Sourcegraph can be configured to enforce repository permissions from code hosts. The currently supported methods are:
- GitHub / GitHub Enterprise
- GitLab
- Bitbucket Server / Bitbucket Data Center
- Unified SSO
- Explicit permissions API
For most supported repository permissions enforcement methods, Sourcegraph syncs permissions in the background.
If the Sourcegraph instance is configured to sync repositories from multiple code hosts, setting up permissions for each code host will make repository permissions apply holistically on Sourcegraph, so long as users log in from each code host - learn more.
NOTE: Site admin users bypass all permission checks and have access to every repository on Sourcegraph.
WARNING: It can take some time to complete backgroung mirroring of repository permissions from a code host.
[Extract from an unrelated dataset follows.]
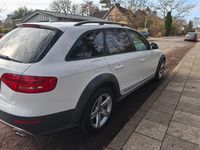 Gebraucht Audi A4 Allroad Sport 245 PS (180 kW) 2013 Weiß Kombi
Learn more.
NOTE: If your desired code host is not yet supported, please open a feature request.
Prerequisite: Add GitHub as an authentication provider.
Then, add or edit a GitHub connection and include the authorization
field:
{
// The GitHub URL used to set up the GitHub authentication provider must match this URL.
"url": "https://github.com",
"token": "$PERSONAL_ACCESS_TOKEN",
"authorization": {}
}
A token that has the prerequisite scopes and both read and write access to all relevant repositories is required in order to list collaborators for each repository to perform a complete sync.
NOTE: Both read and write access to the associated repos for permissions syncing are strongly suggested due to GitHub's token scope requirements. Without write permissions, sync will rely only on user-centric sync and continue working as expected, though Sourcegraph may have out-of-date permissions more frequently.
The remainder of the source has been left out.